> Directions: Two lines below mark the span: the one containing "우체국 고객센터로 빠르게 문의하기 위한 연락처 가이드" and the one containing "NOISE analysis model". Set down both, plus every line between, exactly as they stand, and nothing else.

> Records for this exercise:
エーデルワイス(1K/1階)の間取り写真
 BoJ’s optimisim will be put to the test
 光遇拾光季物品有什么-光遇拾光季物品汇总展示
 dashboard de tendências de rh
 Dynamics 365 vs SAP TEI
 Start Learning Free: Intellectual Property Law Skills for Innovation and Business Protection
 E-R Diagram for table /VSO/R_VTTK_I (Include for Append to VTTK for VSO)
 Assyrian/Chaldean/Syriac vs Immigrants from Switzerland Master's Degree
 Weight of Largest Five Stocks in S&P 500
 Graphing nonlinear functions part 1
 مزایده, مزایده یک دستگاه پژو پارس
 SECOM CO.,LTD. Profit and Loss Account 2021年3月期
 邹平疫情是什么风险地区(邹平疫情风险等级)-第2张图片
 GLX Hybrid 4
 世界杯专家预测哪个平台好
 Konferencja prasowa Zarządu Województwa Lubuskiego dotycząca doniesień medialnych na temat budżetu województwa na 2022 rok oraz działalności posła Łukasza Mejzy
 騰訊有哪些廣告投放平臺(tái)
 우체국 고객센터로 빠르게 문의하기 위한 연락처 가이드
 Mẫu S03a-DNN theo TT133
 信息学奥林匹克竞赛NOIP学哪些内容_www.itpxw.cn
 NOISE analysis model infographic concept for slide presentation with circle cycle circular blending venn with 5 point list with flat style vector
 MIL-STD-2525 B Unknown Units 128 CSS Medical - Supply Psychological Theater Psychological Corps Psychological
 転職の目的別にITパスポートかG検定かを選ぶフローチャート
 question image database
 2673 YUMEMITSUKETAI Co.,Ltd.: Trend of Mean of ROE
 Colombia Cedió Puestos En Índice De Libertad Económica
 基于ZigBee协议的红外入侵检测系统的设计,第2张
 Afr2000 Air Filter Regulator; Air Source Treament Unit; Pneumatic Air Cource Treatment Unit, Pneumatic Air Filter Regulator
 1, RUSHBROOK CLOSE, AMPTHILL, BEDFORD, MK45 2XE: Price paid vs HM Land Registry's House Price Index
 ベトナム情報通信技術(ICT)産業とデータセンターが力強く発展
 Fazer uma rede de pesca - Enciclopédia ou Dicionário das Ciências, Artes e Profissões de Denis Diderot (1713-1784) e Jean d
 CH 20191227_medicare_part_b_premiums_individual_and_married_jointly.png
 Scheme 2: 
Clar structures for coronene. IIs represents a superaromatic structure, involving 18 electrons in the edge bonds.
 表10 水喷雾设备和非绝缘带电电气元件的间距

> Exercise output:
 우체국 고객센터로 빠르게 문의하기 위한 연락처 가이드
 Mẫu S03a-DNN theo TT133
 信息学奥林匹克竞赛NOIP学哪些内容_www.itpxw.cn
 NOISE analysis model infographic concept for slide presentation with circle cycle circular blending venn with 5 point list with flat style vector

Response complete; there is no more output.